Ninth Circuit Grants Suppression Motion in Immigration Court after Illegal Home Raid

On August 8, 2008, the Ninth Circuit granted a suppression motion filed in immigration court, overturning the immigration judge and BIA's denials! The case is Lopez-Rodriguez v. Mukasey (9th Cir. Aug. 8, 2008).

Filing suppression motions in immigration court is a growing strategy for immigrants to respond to illegal raids by immigration agents and local police. In criminal court, evidence from illegal raids cannot be used (with small exceptions) to try to obtain a criminal conviction. In immigration court, the law is less clear -- many courts follow a rule from the 1980s that evidence will be suppressed for egregious Fourth Amendment violations and other types of violations.

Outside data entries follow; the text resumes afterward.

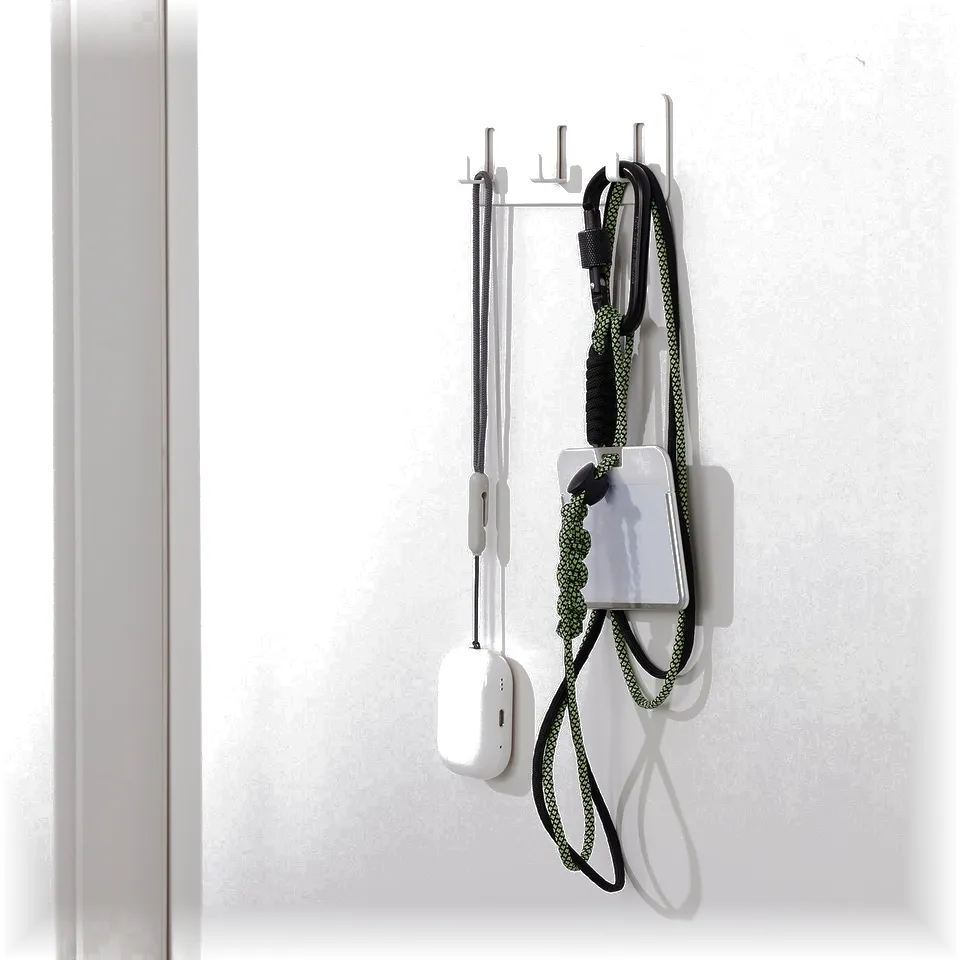 Self-adhesive wall rack with hooks holding items, including a white power bank and a black and yellow chord.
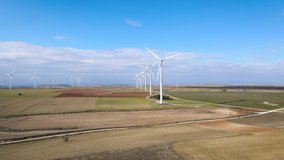 Aerial view of windmills farm for energy production. Wind power turbines generating clean renewable energy for sustainable development. High quality 4k footage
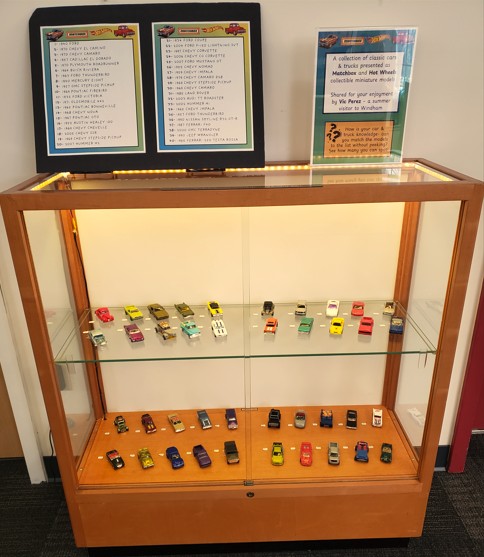 display case with toy cars and trucks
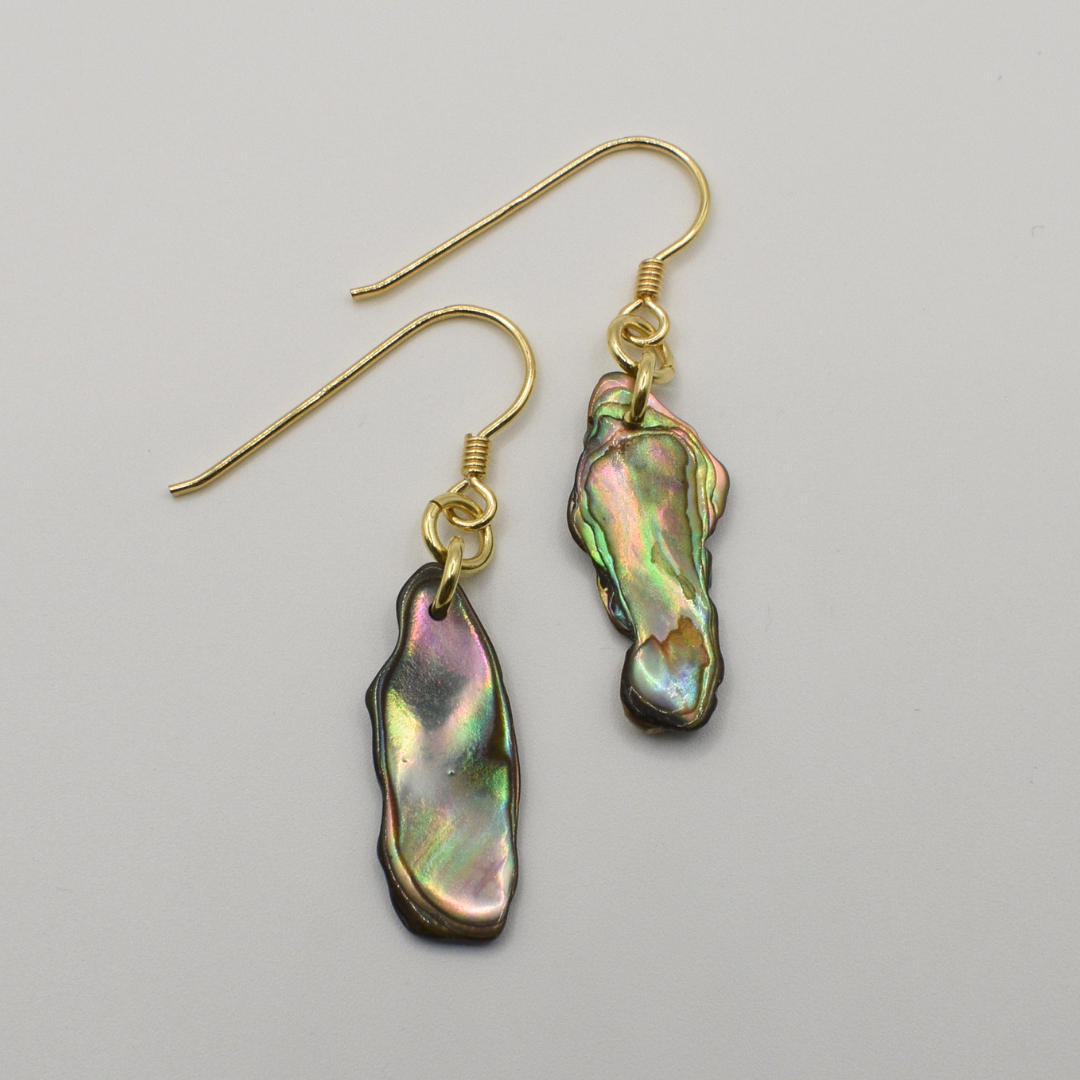 Salty Dreamers' Earrings | Paua Shell Rangi feature handmade, irregularly shaped iridescent pāua shell pendants and gold-plated silver hooks, beautifully displayed on a plain white background.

On the one hand, it is appropriate to revisit the 1980s decision and see whether suppression must be applied for an even wider variety of violations, not just egregious Fourth Amendment violations or regulatory violations. Still, even using the narrow rule from the 1980s decision of Lopez-Mendoza v. INS (1984), it is possible to win cases in immigration court with suppression motions.

In the Lopez-Rodriguez case, immigration agents illegally entered someone's house by pushing through an open door when an occupant opened the home door a bit to talk to the officers. There are a series of key points in the decision:
  • Committing a search that a reasonable officer should have known was clearly illegal is an egregious violation of the Fourth Amendment that requires suppressing the evidence in immigration court.
  • Invading someone's home without a warrant or a valid reason is a clearly illegal search.
  • Opening the door to your home a few inches is not consent to let officers push the door open the rest of the way and invade your home.
Congratulations to Sara J. O'Connell at Morrison & Foerster LLP in San Diego, California! Lawyers on the losing side from the Department of Justice (their Civil Division, Office of Immigration Litigation), trying to defend the illegal searches, were Aviva L. Poczter and Song Park.

As reports of widespread illegal immigration searches continue to come up in the news, these suppression motions will be fought more often. And lawyers should be raising not only suppression for egregious Fourth Amendment violations and regulatory violations, but also for all Fourth Amendment violations, Vienna Convention violations, and state constitutional rights.